Non fidatevi di WikiLeaks se volete capire la guerra in Iraq
09 Settembre 2011
Uno degli ultimi cable sulla Guerra in Iraq diffuso da WikiLeaks ha già ottenuto il suo effetto: riaprire una vecchia ferita del conflitto tra il governo Maliki e le autorità americane, quella sul cosidetto “incidente di Inshasa”. Il dispaccio, “unclassified”, secondario dal punto di vista della segretezza e quindi potenzialmente divulgabile (sono questi il genere di scoop di Assange), fa riferimento a un rapporto inviato alla sede diplomatica Usa di Ginevra da Phil Alston, Relatore Speciale per le escuzioni extragiudiziali, sommarie e arbitrarie all’Onu, che a sua volta l’ambasciata americana gira al Dipartimento di Stato.
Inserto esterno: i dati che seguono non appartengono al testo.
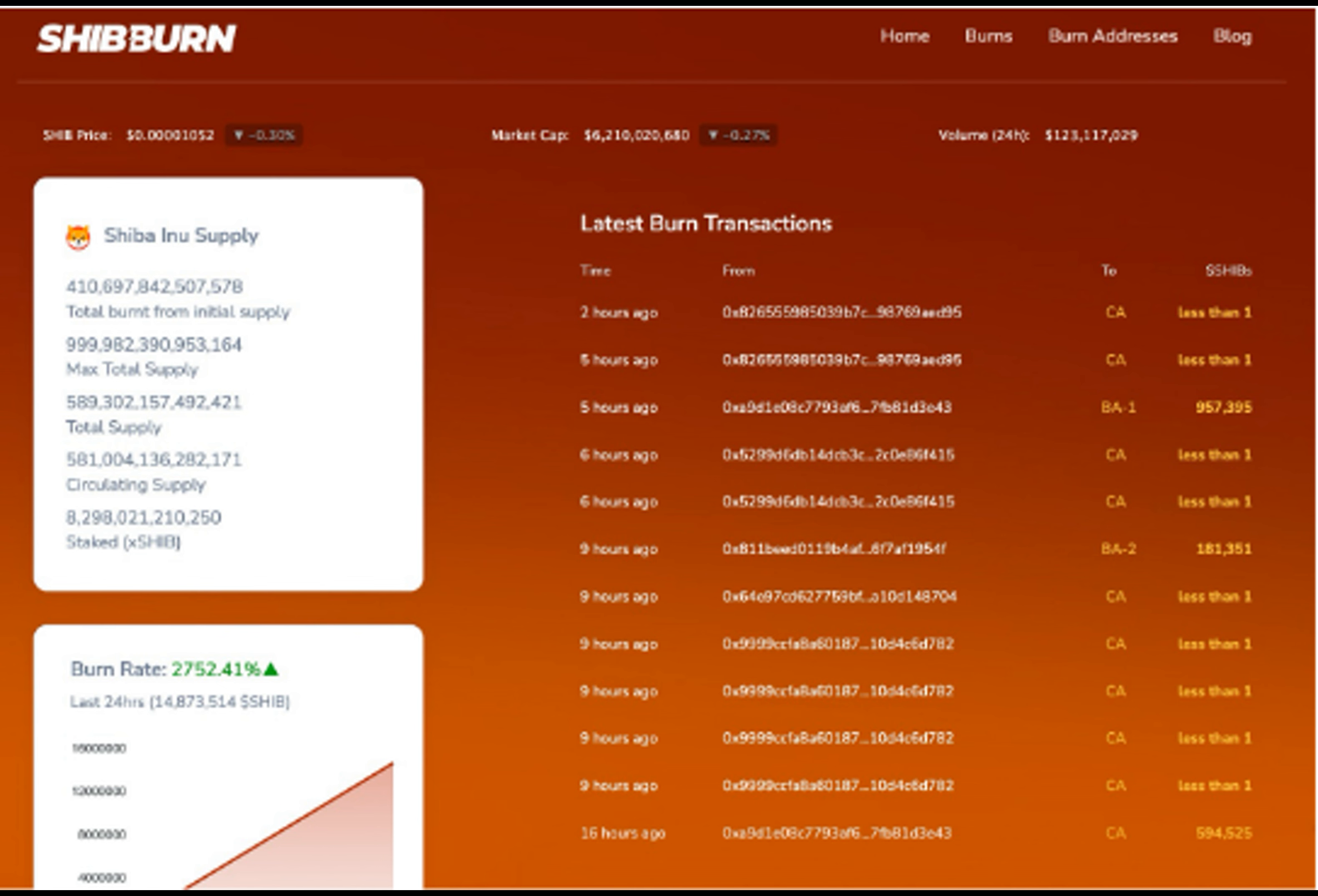There's a burn rate of a whopping 2,752%, with more than 42.8 million Shib incinerated in total. This is in stark contrast with the previous day's figures, which came out at around 2.5 million Shib tokens sent to the burn addresses.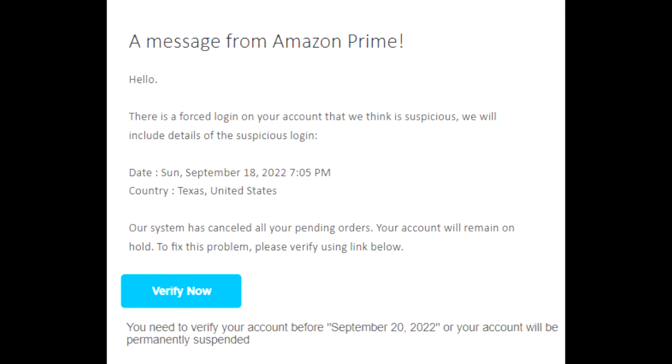Our system has canceled all your pending orders. Your account will remain on hold. To fix this problem, please verify using link below. Verify now.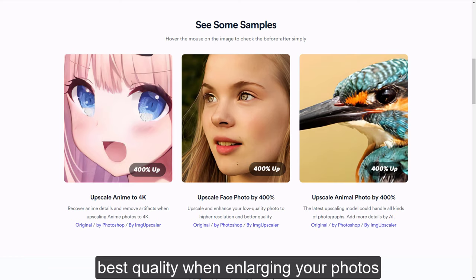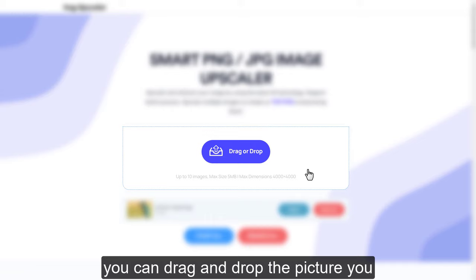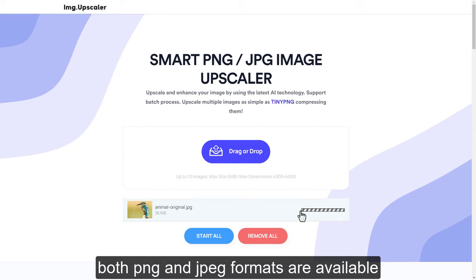You can directly upload files here, or you can drag and drop the picture you want to upscale on imageupscaler.com. Both PNG and JPEG formats are available.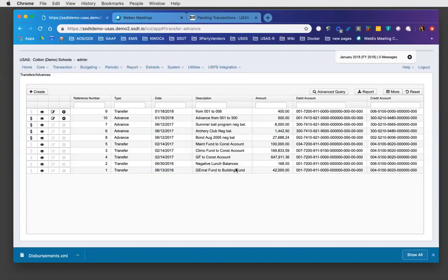There is a small issue with advances right now that was noticed during importing.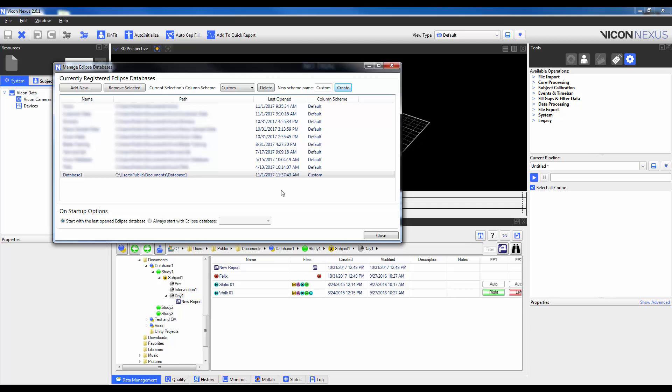To change the Column Scheme, I can use the drop-down menu here. I will keep it at Custom so we can look at how we might modify the layout of a Column Scheme. So what I'll need to do is enter a database that is currently using the Column Scheme I want to modify, and then navigate to a session.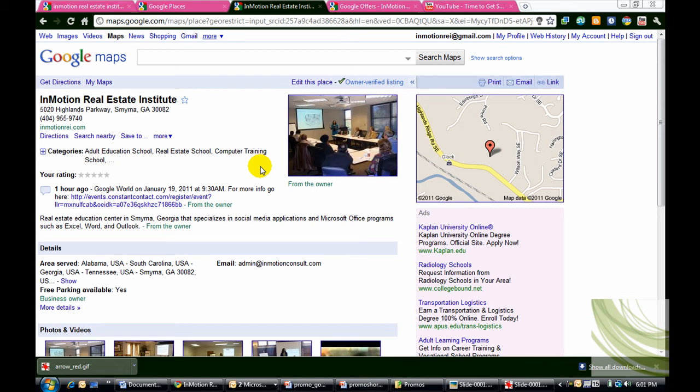Hey everybody, it's Juanita from InMotion. We're getting ready for Google World on Wednesday. I wanted to do a tutorial for you. This is what I call, Are You On The Map?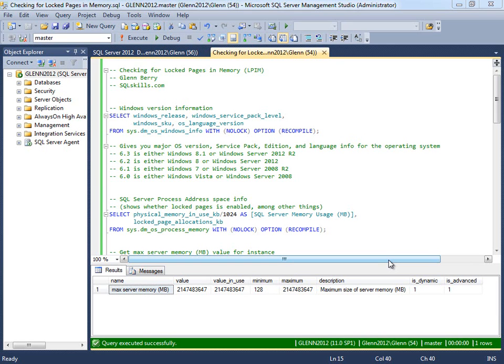This is Glenn Berry with SQLSkills.com. In this insider video, I'm going to show you how to check to see whether or not Lock Pages in Memory is enabled on your instance. And if it's not enabled, I'm going to show you how to enable it.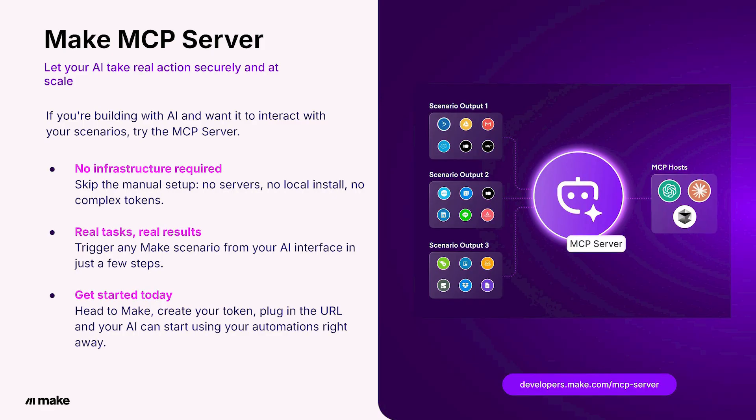If you're building with AI and want to actually interact with your workflows, try Make MCP server. Just head to Make, create your token, plug in the URL, and your AI can start using your scenarios as tools today.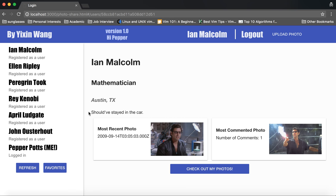You can see that on each person's home page it has shown his most recent photo and most commented photo.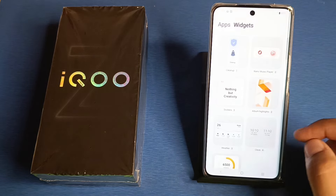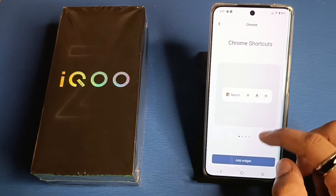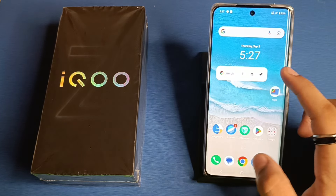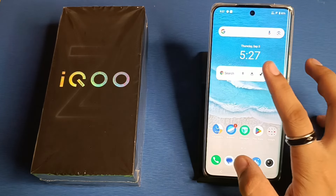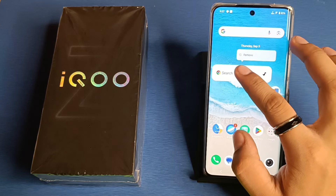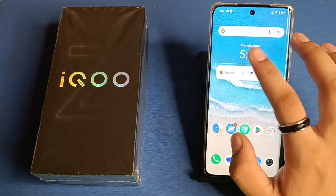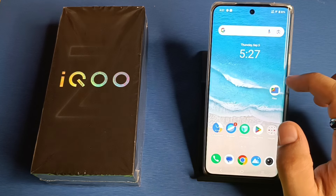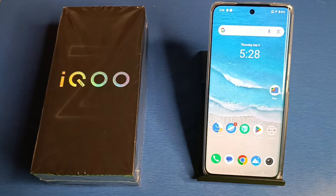So let's start. First, you have to simply long press your home screen, click on widgets. There are lots of widgets here — you can apply it, like add widgets, and it will be added to your home screen. And if you want to remove it, just long press it, click on remove — like this, it will be removed successfully.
Nel documento, Alston riporta le informazioni raccolte da una serie di fonti irachene a proposito di un raid condotto dai Marines il 15 marzo del 2006 contro la casa di un contadino nella zona di Tikrit, la città natale di Saddam Hussein. Almeno 10 civili iracheni sarebbero morti a causa dell’operazione, compresi una anziana ultrasettantenne e cinque bambini di età compresa fra i tre e i cinque anni, oltre agli adulti residenti (altri due uomini e una donna, tutti under 30). Alston racconta che all’arrivo delle truppe americane sull’obiettivo, dalla casa sarebbero stati sparati dei colpi contro i militari, che a loro volta avrebbero risposto al fuoco ingaggiando una sparatoria durata circa mezz’ora. Alla fine, “Le truppe delle forze multinazionali sono entrate nell’edificio, ammanettando tutti gli abitanti della casa e uccidendoli (executed all of them, ndr.). Dopo l’intervento, un raid aereo ha distrutto la casa”.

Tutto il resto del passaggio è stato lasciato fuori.